A Quick Note On Mapreduce

MapReduce is a programming model and an associated implementation for processing and generating big data sets with a parallel, distributed algorithm on a cluster. Alternatively, MapReduce is a framework for processing parallelizable problems across large datasets using nodes. Processing can occur on data stored either in a filesystem (unstructured) or in a database (structured). MapReduce can take advantage of the locality of data, processing it near the place it is stored in order to minimize communication overhead.

A MapReduce program is composed of a map procedure, which performs filtering and sorting (such as sorting students by first name into queues, one queue for each name), and a reduce method, which performs a summary operation (such as counting the number of students in each queue, yielding name frequencies).

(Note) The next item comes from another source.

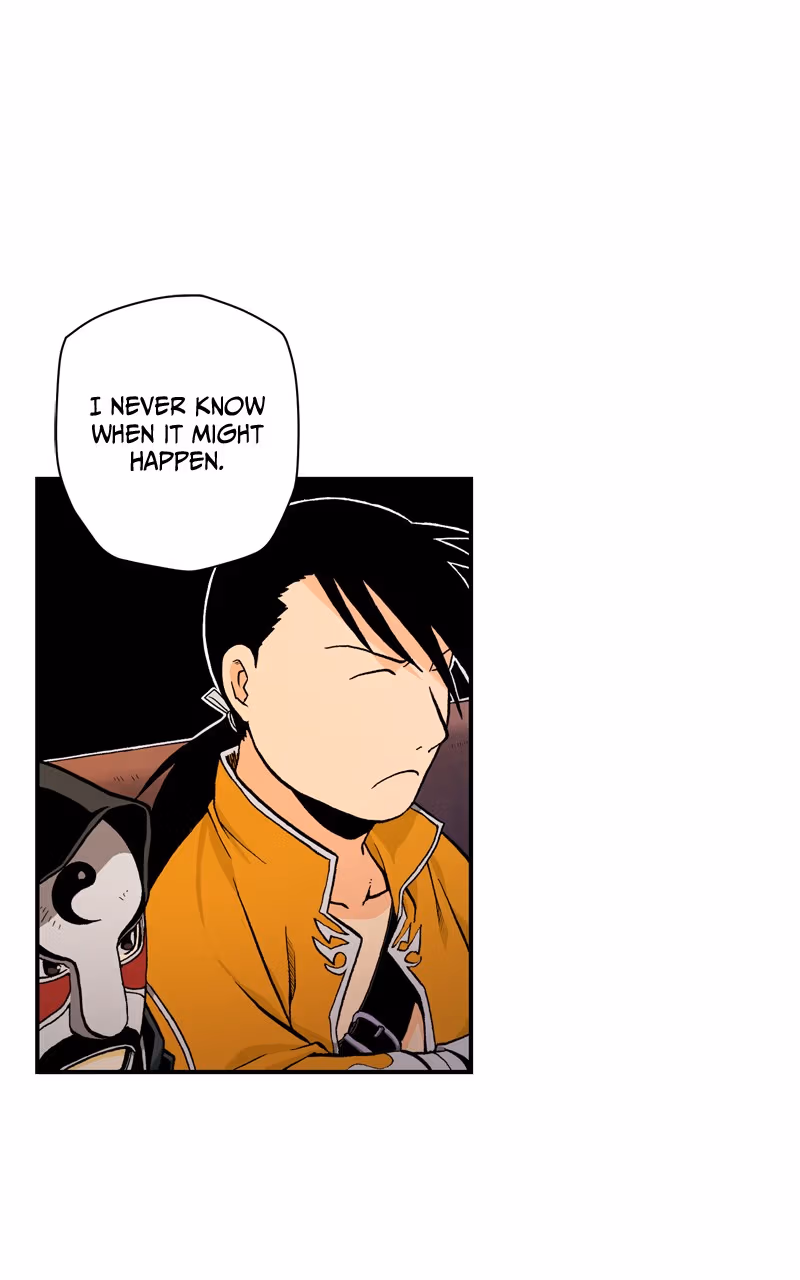 Read Fullmetal Alchemist (WEBTOON) chapter 117 image 3 on Lezhin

The model is a specialization of the split-apply-combine strategy for data analysis. It is inspired by the map and reduce functions commonly used in functional programming, although their purpose in the MapReduce framework is not the same as in their original forms. As such, a single-threaded implementation of MapReduce is usually not faster than a traditional (non-MapReduce) implementation; any gains are usually only seen with multi-threaded implementations on multi-processor hardware. The use of this model is beneficial only when the optimized distributed shuffle operation (which reduces network communication cost) and fault tolerance features of the MapReduce framework come into play. Optimizing the communication cost is essential to a good MapReduce algorithm.

A popular open-source implementation that has support for distributed shuffles is part of Apache Hadoop.

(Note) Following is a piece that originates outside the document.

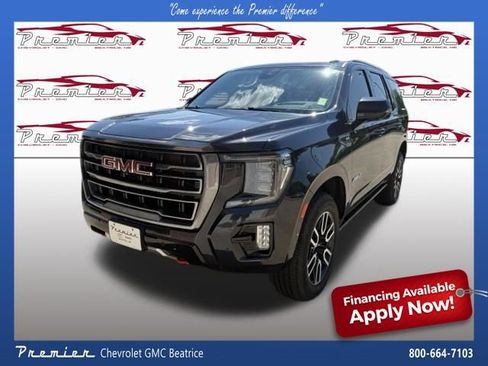 Used 2023 GMC Yukon AT4 w/ AT4 Premium Package AWD/4WD image 1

Apache Hadoop vs Apache Spark

Apache Hadoop is an open-source software utility that allows users to manage big data sets using nodes to solve data problems. It is a highly scalable, cost-effective solution that stores and processes structured, semi-structured and unstructured data (e.g., Internet clickstream records, web server logs, IoT sensor data, etc.).

Like Hadoop, Apache Spark splits up large tasks across different nodes. However, it tends to perform faster than Hadoop and it uses RAM to cache and process data instead of a file system. This enables Spark to handle use cases that Hadoop cannot.